This document describes how ``FSDP`` works, including subtle behaviors that can change performance significantly.
See :doc:`this page <fsdp>` for python docstrings.
Overview
---------
Recent work by `Microsoft <https://arxiv.org/abs/1910.02054>`__ and
`Google <https://arxiv.org/abs/2004.13336>`__ has shown that data
parallel training can be made significantly more efficient by sharding
the model parameters and optimizer state across data parallel workers.
These ideas are encapsulated in the new ``FullyShardedDataParallel``_
(FSDP) wrapper, which is a drop-in replacement for the PyTorch
``DistributedDataParallel`` (DDP) wrapper.
Compared to PyTorch ``DistributedDataParallel``:
* FSDP shards parameters (FP16 + FP32) and optimizer state across data parallel GPUs
* FSDP with ``reshard_after_forward=False`` has the same communication cost as PyTorch DDP and is similar to ZeRO-2
* FSDP with ``reshard_after_forward=True`` increases total communication by 50% and is similar to ZeRO-3:
* all-gather parameters at start of forward pass and start of backward pass
* reduce-scatter grads at end of the backward pass
* In practice, FSDP is faster than DDP because the optimizer step is sharded, and the extra communication can be overlapped with the forward pass.
* FSDP enables training 13B parameter models on 8 GPUs and 175B parameter models on 128 GPUs.

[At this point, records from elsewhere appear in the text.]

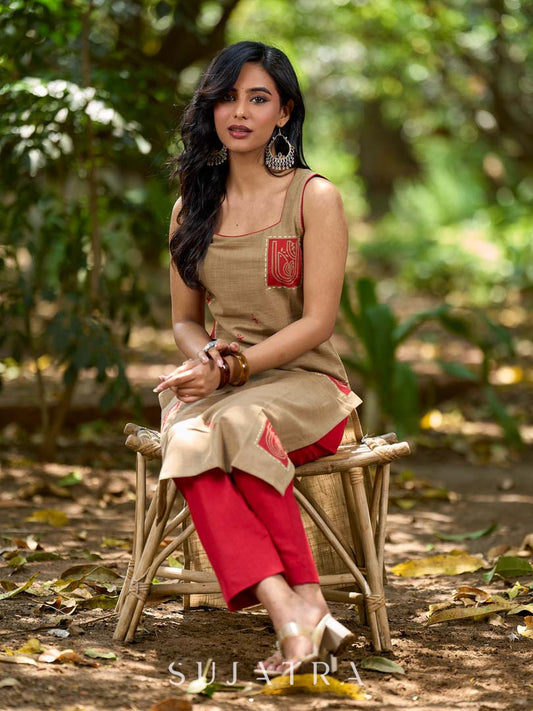 Minimal Beige Cotton Sleeveless Kurta with Artistic Red Hand Block Print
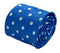 Medium electric blue tie with white polka spots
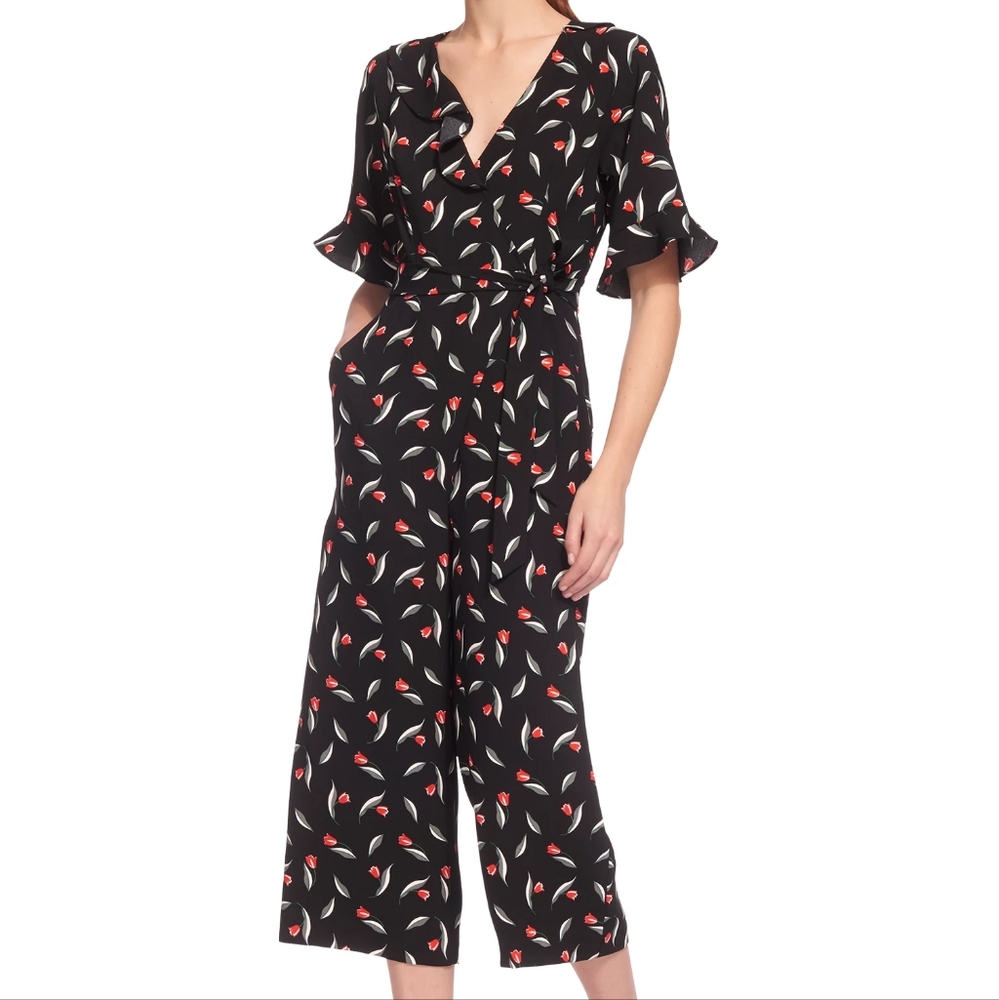 Whistles Black Wrap Jumpsuit with Red & White Tulip Print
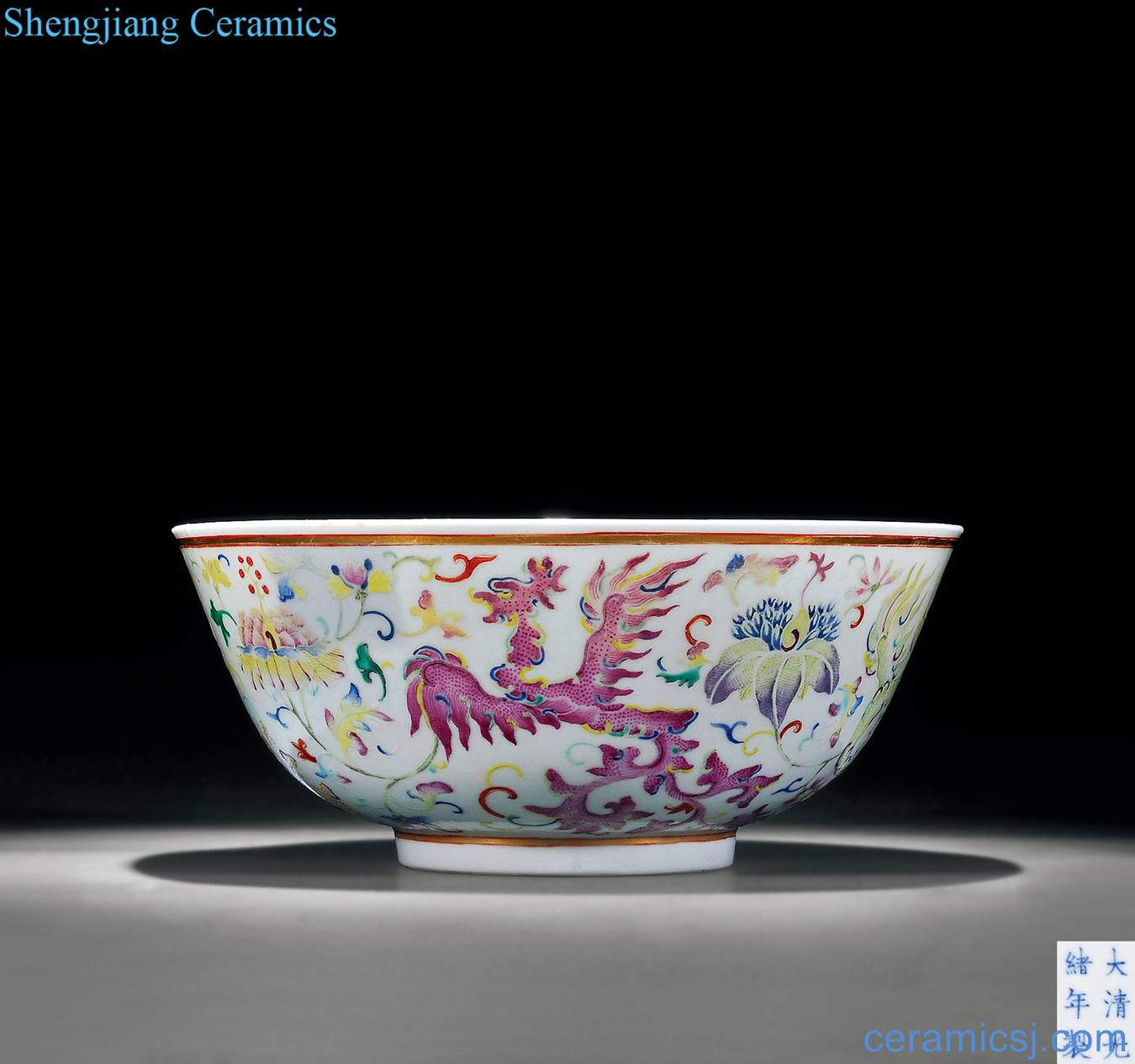 Pastel reign of qing emperor guangxu real talent grain big bowl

When using the ``cpu_offload=True`` option, it's possible to train 1T parameter models on 256 GPUs.
General usage notes
--------------------
- For best memory efficiency use ``auto_wrap`` to wrap each layer in your network with ``FSDP`` and set ``reshard_after_forward=True``
- For best training speed set ``reshard_after_forward=False`` (wrapping each layer is not required, but will improve speed further)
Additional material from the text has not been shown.